§ **Supplied information**
==========

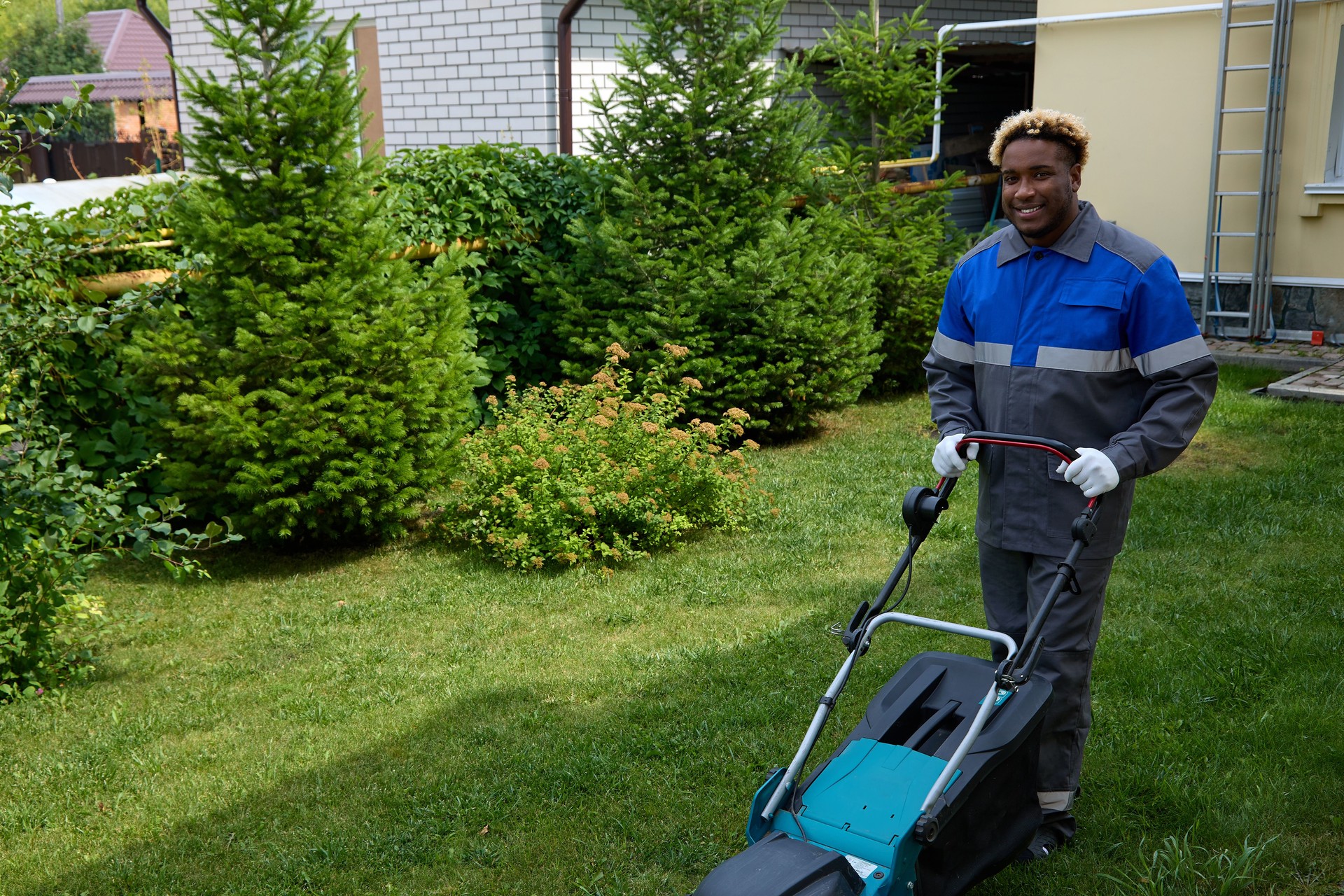 African American man in overalls mows green grass with lawnmower in garden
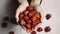 Young woman holding heap of red berries in hands. Fresh healthy vegan dietary food for spring detox. Fruits background. Clean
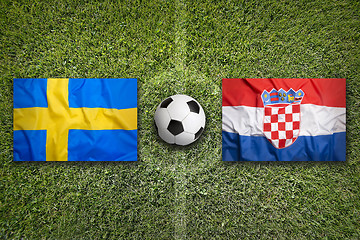 Image showing Sweden vs. Croatia flags on soccer field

==========

§ **Try it**
Apart from the pictures, every line of the material above is to be returned word for word.

§ **Written reply**
 African American man in overalls mows green grass with lawnmower in garden
 Young woman holding heap of red berries in hands. Fresh healthy vegan dietary food for spring detox. Fruits background. Clean
 Image showing Sweden vs. Croatia flags on soccer field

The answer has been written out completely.